---- STORED DATA

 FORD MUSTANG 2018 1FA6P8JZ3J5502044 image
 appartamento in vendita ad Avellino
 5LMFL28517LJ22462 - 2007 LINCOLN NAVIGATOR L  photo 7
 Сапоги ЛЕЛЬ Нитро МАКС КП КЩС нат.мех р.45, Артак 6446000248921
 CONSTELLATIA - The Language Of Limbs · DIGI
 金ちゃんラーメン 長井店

--------
---- STORED DATA

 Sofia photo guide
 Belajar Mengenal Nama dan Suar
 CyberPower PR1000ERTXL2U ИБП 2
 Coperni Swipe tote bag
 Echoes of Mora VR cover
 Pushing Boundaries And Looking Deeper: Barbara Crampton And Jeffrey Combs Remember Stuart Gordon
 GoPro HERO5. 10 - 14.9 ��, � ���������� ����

--------
---- STORED DATA

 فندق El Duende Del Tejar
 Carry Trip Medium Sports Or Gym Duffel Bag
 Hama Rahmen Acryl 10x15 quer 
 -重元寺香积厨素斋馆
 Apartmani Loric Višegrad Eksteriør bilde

--------

#### THE PROBLEM
Scan the records above for the lines holding "FORD MUSTANG 2018 1FA6P8JZ3J5502044 image" and "金ちゃんラーメン 長井店". Transcribe those two and every line between them word for word, and no others.

#### REPLY TO THE TASK
 FORD MUSTANG 2018 1FA6P8JZ3J5502044 image
 appartamento in vendita ad Avellino
 5LMFL28517LJ22462 - 2007 LINCOLN NAVIGATOR L  photo 7
 Сапоги ЛЕЛЬ Нитро МАКС КП КЩС нат.мех р.45, Артак 6446000248921
 CONSTELLATIA - The Language Of Limbs · DIGI
 金ちゃんラーメン 長井店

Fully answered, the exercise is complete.